What is needed is an exact repeat of the entries, with no pictures in it.

Task material -

+ + + +

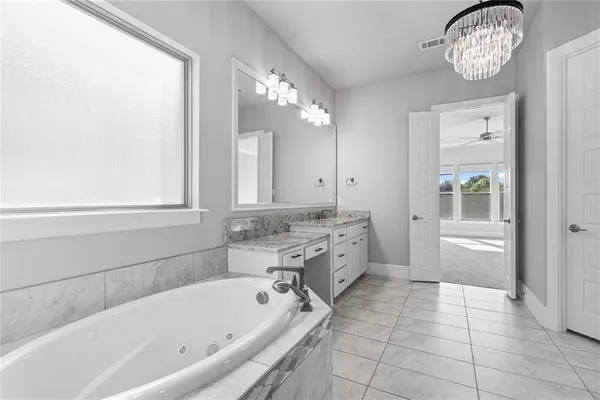 a bathroom with a bathtub a sink a mirror and a shower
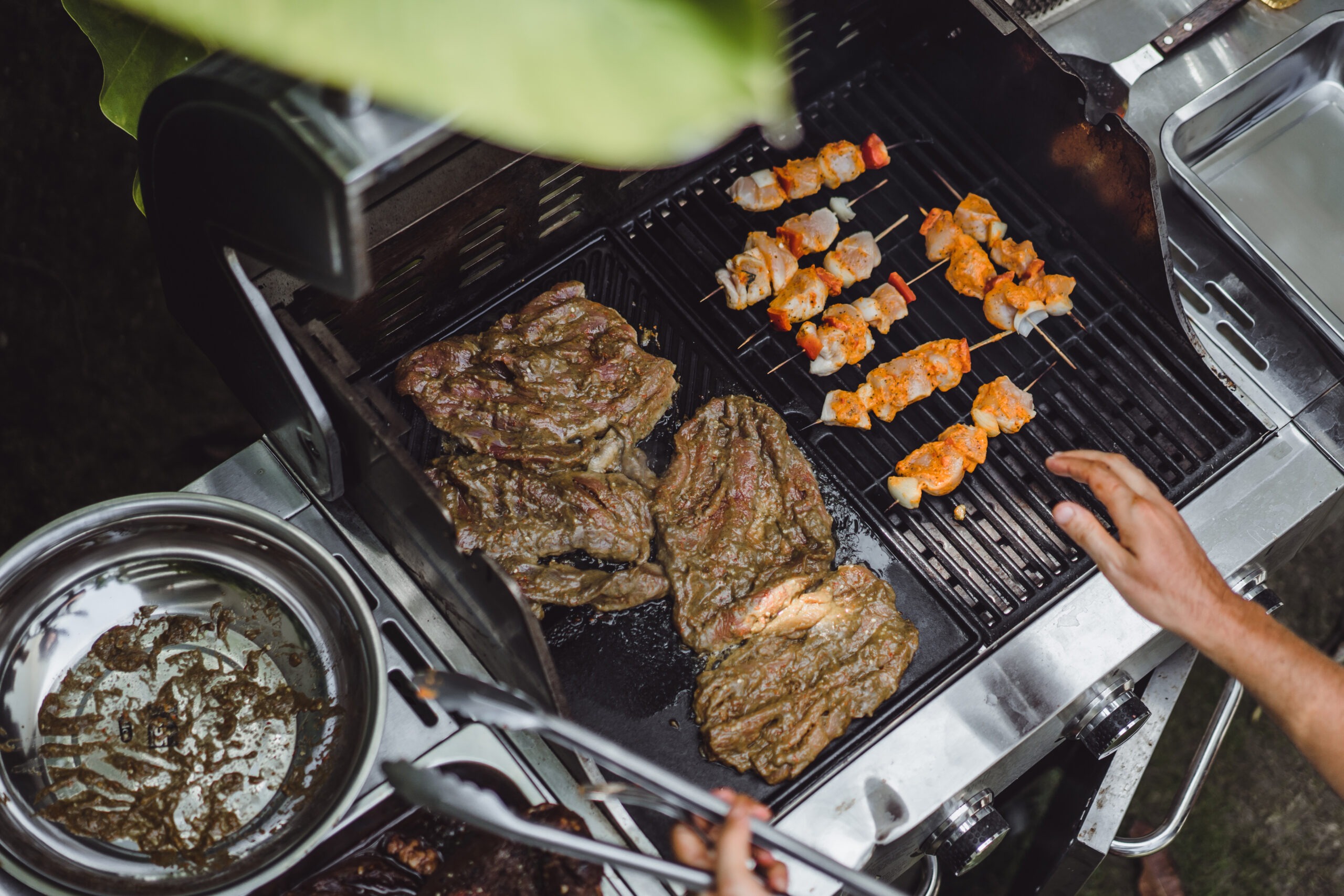 man tattoos makes barbecue grill meat outdoors 1 scaled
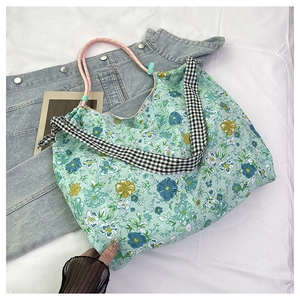 Detailed view of floral canvas tote with checkered strap and colorful cord handle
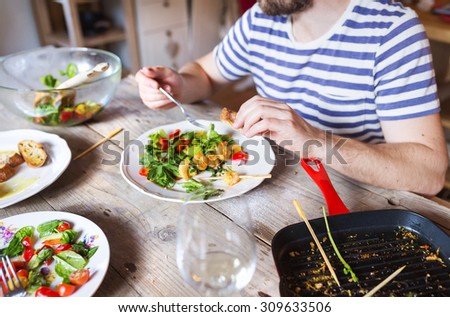 Unrecognizable man eating prawns, salad and bread together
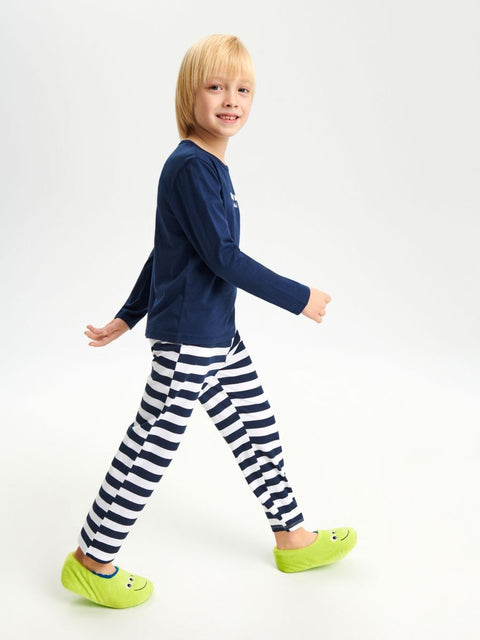 Child wearing a navy long-sleeve shirt and striped pants with green shoes on a white background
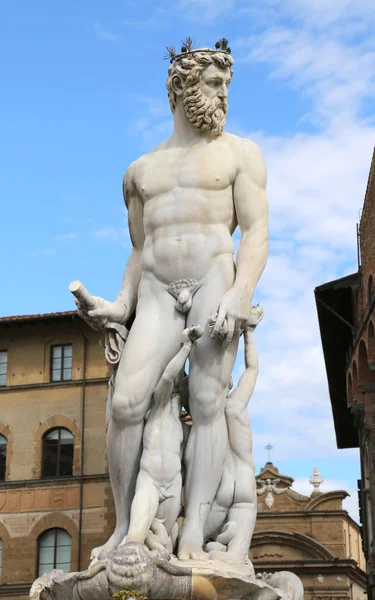 White statue of Neptune in the ancient fountain in Florence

+ + + +

Task response -
 a bathroom with a bathtub a sink a mirror and a shower
 man tattoos makes barbecue grill meat outdoors 1 scaled
 Detailed view of floral canvas tote with checkered strap and colorful cord handle
 Unrecognizable man eating prawns, salad and bread together
 Child wearing a navy long-sleeve shirt and striped pants with green shoes on a white background
 White statue of Neptune in the ancient fountain in Florence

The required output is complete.